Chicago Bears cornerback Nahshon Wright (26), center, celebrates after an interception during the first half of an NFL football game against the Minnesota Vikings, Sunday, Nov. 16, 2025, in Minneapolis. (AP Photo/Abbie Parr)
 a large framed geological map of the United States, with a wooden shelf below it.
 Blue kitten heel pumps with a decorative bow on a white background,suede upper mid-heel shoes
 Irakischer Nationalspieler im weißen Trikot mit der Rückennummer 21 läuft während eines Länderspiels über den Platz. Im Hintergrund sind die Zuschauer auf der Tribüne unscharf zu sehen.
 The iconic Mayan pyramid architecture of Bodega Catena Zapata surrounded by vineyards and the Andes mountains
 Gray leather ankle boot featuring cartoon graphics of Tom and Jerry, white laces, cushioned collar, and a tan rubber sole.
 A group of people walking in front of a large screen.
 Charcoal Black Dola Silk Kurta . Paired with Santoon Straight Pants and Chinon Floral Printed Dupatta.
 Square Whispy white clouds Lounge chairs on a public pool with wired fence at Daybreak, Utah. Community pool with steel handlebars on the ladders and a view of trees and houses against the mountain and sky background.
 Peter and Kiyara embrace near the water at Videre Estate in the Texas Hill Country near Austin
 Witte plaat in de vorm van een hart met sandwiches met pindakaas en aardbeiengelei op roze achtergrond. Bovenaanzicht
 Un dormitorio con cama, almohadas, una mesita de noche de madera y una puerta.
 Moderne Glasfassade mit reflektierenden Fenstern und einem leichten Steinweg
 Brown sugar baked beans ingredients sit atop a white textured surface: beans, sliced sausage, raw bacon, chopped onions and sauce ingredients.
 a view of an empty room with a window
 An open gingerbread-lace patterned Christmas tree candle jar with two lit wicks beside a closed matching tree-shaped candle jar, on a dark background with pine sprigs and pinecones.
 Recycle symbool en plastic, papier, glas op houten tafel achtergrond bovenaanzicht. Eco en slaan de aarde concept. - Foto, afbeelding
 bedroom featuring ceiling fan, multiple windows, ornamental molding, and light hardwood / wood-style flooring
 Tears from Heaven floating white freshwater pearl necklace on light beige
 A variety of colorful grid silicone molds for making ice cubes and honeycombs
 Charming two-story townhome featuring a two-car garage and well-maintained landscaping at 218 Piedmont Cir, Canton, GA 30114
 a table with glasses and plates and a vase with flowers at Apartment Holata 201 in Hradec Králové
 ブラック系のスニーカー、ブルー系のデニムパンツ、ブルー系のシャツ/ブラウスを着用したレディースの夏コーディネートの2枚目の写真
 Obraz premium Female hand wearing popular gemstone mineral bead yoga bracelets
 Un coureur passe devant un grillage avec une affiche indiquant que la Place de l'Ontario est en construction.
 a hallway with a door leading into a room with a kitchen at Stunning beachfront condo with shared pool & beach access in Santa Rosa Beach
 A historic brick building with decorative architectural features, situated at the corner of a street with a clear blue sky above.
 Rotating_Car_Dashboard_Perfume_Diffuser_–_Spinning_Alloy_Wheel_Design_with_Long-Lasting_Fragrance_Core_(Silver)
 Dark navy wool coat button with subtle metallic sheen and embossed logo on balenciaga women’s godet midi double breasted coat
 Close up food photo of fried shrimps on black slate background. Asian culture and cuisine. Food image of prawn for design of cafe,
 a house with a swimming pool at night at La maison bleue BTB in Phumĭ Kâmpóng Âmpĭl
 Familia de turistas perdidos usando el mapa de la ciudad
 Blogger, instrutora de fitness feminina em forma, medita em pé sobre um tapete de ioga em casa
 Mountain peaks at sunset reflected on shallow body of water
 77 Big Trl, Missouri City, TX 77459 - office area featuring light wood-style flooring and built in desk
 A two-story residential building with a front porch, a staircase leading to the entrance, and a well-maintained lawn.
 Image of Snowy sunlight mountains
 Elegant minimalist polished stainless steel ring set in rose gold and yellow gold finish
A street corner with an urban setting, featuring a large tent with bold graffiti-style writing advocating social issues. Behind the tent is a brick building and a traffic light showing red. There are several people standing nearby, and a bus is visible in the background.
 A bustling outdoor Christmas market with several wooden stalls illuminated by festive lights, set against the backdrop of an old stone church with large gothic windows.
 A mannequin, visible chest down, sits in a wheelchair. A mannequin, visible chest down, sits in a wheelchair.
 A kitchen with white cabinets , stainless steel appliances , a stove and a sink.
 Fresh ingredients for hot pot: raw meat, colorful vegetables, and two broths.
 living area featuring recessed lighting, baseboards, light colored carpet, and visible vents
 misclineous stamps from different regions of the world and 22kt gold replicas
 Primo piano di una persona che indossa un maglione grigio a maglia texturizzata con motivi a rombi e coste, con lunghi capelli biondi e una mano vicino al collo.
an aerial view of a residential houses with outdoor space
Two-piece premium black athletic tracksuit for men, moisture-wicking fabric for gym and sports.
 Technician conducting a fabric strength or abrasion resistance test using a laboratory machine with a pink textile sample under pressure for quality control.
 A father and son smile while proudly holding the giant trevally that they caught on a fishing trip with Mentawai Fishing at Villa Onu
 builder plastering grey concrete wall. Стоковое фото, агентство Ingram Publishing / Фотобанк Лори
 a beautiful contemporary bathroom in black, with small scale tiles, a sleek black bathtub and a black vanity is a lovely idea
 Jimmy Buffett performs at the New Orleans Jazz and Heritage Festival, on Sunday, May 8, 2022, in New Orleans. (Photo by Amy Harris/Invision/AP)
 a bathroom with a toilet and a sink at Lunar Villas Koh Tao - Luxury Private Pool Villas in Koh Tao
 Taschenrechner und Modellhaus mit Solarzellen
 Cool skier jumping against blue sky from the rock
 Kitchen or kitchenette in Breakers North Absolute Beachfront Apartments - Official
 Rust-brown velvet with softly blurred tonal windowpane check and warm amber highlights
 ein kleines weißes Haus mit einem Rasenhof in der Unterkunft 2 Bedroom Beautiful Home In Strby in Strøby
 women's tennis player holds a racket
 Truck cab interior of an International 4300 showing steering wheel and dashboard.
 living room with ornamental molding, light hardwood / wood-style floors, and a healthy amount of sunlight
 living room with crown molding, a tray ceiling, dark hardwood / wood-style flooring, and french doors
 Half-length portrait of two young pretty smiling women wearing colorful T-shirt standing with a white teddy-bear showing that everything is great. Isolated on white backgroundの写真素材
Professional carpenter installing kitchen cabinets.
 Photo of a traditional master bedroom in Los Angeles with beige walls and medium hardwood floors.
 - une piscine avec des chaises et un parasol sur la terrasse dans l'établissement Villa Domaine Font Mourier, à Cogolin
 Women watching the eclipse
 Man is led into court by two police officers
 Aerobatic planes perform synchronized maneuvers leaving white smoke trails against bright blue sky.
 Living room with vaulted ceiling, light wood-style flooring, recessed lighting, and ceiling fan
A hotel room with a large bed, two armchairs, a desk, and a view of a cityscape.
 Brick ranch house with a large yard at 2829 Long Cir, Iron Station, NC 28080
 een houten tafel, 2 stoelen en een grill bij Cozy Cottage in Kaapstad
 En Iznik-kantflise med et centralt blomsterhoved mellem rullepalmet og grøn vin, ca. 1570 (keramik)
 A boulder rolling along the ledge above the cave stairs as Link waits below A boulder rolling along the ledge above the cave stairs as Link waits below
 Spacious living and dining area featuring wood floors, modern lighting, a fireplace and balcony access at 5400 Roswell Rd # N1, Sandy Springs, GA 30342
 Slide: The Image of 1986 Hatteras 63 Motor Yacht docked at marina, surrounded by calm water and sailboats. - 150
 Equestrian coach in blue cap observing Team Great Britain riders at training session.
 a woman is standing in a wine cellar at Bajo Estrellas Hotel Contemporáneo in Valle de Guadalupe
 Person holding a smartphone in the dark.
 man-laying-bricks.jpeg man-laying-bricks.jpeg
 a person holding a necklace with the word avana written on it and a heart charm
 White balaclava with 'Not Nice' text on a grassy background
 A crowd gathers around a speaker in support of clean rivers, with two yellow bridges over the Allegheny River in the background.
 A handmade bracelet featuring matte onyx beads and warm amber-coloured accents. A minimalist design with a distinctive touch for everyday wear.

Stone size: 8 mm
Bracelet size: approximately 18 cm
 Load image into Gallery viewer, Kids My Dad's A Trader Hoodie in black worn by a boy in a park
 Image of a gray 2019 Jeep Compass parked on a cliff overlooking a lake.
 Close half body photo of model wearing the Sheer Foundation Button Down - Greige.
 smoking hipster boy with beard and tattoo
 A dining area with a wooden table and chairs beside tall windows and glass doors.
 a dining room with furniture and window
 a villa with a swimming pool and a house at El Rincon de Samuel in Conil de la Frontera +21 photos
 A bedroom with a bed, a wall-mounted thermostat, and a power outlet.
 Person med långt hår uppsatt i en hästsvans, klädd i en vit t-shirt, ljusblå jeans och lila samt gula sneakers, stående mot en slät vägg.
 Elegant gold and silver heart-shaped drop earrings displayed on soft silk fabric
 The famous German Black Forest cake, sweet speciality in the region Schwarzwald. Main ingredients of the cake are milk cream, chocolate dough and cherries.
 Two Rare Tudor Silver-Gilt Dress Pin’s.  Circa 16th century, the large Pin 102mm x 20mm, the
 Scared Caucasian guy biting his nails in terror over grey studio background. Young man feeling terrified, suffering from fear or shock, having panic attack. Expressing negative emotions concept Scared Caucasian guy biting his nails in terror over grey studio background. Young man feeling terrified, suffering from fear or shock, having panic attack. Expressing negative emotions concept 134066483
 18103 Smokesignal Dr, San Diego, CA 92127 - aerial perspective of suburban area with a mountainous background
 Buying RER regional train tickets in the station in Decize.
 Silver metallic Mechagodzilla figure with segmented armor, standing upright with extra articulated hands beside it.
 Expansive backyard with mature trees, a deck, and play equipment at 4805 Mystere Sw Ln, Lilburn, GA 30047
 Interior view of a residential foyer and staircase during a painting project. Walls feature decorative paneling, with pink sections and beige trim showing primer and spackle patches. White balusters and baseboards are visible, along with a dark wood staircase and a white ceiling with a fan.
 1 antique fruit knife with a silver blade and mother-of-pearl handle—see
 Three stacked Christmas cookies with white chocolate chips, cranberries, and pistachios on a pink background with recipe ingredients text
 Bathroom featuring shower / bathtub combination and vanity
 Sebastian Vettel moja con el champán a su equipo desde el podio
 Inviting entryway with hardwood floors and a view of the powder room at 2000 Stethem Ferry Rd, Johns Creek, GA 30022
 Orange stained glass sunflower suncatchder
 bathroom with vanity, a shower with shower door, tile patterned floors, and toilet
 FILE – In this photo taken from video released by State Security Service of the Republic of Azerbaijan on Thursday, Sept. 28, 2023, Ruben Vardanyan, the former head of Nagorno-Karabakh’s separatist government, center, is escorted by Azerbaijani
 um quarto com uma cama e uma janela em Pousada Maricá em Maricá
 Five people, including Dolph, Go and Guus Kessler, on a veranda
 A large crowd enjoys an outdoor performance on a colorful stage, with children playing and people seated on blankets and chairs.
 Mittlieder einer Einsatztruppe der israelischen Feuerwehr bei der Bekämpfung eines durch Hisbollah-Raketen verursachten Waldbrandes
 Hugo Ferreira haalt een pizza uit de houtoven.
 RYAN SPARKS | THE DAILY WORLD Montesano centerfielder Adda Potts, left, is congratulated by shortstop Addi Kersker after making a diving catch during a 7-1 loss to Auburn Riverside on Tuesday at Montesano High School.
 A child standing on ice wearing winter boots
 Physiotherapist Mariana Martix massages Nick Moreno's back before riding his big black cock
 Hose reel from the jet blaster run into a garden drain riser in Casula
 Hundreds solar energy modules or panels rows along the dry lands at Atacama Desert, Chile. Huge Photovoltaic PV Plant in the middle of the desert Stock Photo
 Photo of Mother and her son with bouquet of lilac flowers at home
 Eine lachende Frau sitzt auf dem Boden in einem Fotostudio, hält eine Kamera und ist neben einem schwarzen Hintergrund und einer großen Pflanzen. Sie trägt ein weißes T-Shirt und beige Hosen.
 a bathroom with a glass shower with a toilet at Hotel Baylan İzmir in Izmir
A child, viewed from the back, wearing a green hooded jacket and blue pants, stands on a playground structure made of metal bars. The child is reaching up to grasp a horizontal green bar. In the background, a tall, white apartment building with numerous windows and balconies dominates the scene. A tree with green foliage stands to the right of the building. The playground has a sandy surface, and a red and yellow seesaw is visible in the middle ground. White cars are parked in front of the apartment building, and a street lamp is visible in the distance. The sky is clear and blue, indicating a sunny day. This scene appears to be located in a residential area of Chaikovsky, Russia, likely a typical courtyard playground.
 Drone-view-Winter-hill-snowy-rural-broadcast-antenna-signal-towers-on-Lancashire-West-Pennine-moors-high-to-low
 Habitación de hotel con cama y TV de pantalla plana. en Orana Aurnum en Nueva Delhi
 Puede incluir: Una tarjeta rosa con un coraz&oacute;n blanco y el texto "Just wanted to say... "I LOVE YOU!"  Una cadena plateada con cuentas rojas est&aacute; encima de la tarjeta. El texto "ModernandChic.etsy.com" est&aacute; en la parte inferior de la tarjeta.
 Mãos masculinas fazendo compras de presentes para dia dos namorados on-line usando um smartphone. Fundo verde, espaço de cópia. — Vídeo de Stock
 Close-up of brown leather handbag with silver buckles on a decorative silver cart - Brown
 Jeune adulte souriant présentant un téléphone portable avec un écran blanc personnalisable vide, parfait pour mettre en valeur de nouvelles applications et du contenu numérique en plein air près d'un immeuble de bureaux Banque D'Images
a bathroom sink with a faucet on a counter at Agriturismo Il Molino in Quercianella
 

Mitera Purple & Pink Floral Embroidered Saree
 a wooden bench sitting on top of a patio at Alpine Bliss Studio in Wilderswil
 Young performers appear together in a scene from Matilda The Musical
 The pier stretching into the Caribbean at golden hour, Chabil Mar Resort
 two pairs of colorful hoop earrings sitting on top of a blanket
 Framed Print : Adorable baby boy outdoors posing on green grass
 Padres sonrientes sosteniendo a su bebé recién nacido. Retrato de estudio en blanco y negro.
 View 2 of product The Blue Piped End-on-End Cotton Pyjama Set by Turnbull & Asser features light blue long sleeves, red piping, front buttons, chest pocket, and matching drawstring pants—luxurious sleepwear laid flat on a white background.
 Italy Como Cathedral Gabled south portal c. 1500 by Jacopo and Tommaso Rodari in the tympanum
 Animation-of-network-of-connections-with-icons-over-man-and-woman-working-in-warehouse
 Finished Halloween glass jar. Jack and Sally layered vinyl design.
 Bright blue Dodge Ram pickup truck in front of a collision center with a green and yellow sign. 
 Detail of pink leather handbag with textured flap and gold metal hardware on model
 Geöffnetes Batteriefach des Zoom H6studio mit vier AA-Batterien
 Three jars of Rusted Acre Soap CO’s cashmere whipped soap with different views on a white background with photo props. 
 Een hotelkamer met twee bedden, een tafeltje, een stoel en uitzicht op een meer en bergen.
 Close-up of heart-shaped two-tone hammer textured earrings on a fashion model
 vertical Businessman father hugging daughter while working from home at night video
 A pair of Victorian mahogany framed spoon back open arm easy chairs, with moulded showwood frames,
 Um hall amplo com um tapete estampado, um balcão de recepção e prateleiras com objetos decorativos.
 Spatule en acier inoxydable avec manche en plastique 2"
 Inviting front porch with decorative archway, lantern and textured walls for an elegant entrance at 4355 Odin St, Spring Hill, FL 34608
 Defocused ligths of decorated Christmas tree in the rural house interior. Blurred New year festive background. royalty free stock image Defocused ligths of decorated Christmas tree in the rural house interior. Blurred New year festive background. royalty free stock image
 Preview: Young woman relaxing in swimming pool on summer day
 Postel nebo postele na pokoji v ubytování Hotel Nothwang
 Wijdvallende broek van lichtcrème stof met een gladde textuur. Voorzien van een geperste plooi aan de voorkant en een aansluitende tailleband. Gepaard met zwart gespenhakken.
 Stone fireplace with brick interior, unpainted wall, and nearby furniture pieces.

■ **WORK ITEM**
Look above for the line holding "Obraz premium Female", then set down exactly that line and every line after it up to and including the line holding "A street corner", with nothing else.

■ **PROBLEM SOLUTION**
 Obraz premium Female hand wearing popular gemstone mineral bead yoga bracelets
 Un coureur passe devant un grillage avec une affiche indiquant que la Place de l'Ontario est en construction.
 a hallway with a door leading into a room with a kitchen at Stunning beachfront condo with shared pool & beach access in Santa Rosa Beach
 A historic brick building with decorative architectural features, situated at the corner of a street with a clear blue sky above.
 Rotating_Car_Dashboard_Perfume_Diffuser_–_Spinning_Alloy_Wheel_Design_with_Long-Lasting_Fragrance_Core_(Silver)
 Dark navy wool coat button with subtle metallic sheen and embossed logo on balenciaga women’s godet midi double breasted coat
 Close up food photo of fried shrimps on black slate background. Asian culture and cuisine. Food image of prawn for design of cafe,
 a house with a swimming pool at night at La maison bleue BTB in Phumĭ Kâmpóng Âmpĭl
 Familia de turistas perdidos usando el mapa de la ciudad
 Blogger, instrutora de fitness feminina em forma, medita em pé sobre um tapete de ioga em casa
 Mountain peaks at sunset reflected on shallow body of water
 77 Big Trl, Missouri City, TX 77459 - office area featuring light wood-style flooring and built in desk
 A two-story residential building with a front porch, a staircase leading to the entrance, and a well-maintained lawn.
 Image of Snowy sunlight mountains
 Elegant minimalist polished stainless steel ring set in rose gold and yellow gold finish
A street corner with an urban setting, featuring a large tent with bold graffiti-style writing advocating social issues. Behind the tent is a brick building and a traffic light showing red. There are several people standing nearby, and a bus is visible in the background.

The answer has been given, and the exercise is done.